_EXERCISE INSTRUCTIONS_.
Your task is to copy the lines of the data below from the line holding "Regal Professional Series" through the line holding "黑眉信天翁，阿根廷乌斯怀亚图片素材", inclusive, exactly and with nothing added.

=== Section Start ===

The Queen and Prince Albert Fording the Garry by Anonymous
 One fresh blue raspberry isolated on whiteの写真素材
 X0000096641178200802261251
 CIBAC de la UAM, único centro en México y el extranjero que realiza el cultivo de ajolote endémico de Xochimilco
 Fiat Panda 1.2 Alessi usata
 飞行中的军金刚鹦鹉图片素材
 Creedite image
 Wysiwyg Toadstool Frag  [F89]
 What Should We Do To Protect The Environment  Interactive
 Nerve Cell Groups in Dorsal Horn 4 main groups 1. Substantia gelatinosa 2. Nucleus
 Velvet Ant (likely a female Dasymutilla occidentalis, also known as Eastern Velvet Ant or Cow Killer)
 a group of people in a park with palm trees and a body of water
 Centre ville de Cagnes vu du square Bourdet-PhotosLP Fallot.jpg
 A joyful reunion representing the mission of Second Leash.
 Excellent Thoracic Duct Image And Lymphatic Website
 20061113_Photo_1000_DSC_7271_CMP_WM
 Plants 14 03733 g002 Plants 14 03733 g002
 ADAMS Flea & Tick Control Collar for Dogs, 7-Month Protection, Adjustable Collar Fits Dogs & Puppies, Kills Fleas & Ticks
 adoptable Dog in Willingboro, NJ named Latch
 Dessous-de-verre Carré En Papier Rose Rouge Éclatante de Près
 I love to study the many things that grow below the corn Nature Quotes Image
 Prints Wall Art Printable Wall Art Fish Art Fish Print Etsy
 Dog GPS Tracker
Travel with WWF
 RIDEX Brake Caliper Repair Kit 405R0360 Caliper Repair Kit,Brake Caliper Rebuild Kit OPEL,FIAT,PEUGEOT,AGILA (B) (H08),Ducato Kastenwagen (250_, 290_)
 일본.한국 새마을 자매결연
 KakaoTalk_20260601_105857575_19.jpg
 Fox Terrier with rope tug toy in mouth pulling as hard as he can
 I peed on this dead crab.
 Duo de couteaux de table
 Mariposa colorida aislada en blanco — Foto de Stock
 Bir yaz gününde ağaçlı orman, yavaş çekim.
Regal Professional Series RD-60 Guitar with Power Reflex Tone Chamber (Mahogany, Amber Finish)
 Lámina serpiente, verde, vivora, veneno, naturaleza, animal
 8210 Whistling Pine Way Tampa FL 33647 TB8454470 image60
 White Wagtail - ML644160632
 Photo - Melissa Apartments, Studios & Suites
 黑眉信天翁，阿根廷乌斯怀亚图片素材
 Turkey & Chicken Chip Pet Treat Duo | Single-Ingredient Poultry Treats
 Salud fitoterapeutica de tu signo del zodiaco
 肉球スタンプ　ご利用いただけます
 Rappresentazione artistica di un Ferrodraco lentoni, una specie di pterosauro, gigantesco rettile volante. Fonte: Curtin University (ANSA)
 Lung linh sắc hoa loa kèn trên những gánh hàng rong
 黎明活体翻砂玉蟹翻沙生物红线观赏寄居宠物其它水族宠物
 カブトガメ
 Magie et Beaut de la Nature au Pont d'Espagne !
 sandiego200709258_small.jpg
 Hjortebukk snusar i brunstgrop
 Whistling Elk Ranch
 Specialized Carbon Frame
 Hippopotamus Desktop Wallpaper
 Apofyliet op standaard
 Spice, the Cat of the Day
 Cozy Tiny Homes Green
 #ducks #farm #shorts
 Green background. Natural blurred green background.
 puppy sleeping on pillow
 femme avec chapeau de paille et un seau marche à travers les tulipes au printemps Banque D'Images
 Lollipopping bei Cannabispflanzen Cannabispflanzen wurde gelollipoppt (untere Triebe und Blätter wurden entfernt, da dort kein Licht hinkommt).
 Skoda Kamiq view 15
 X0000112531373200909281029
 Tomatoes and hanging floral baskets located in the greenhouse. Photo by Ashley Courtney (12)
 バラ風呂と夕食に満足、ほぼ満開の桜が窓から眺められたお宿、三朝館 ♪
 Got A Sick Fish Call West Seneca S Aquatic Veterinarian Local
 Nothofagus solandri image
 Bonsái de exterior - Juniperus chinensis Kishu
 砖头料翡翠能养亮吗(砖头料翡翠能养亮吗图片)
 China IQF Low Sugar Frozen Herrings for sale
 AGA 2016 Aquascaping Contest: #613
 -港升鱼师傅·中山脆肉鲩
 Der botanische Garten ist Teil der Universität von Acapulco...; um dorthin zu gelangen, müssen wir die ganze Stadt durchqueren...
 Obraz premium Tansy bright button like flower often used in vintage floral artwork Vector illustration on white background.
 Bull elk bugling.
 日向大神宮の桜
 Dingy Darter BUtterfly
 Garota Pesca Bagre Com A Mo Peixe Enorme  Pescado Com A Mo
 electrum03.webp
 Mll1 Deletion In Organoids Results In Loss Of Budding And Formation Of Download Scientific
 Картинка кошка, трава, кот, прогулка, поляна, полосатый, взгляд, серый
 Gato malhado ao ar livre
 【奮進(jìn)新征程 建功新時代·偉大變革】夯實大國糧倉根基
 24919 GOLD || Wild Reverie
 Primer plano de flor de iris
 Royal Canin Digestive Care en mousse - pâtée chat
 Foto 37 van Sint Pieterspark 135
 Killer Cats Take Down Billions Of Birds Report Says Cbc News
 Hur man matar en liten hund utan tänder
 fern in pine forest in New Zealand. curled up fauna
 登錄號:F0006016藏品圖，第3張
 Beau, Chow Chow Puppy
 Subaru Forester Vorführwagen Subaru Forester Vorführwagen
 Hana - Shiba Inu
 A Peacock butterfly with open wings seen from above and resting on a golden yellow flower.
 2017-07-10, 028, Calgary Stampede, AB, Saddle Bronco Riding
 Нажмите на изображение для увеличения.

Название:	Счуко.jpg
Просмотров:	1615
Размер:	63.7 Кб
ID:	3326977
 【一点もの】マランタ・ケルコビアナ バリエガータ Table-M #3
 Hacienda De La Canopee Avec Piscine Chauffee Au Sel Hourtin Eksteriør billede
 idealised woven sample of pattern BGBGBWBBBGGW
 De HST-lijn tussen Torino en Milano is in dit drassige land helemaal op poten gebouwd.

=== Section End ===

_COMPLETED EXERCISE_.
Regal Professional Series RD-60 Guitar with Power Reflex Tone Chamber (Mahogany, Amber Finish)
 Lámina serpiente, verde, vivora, veneno, naturaleza, animal
 8210 Whistling Pine Way Tampa FL 33647 TB8454470 image60
 White Wagtail - ML644160632
 Photo - Melissa Apartments, Studios & Suites
 黑眉信天翁，阿根廷乌斯怀亚图片素材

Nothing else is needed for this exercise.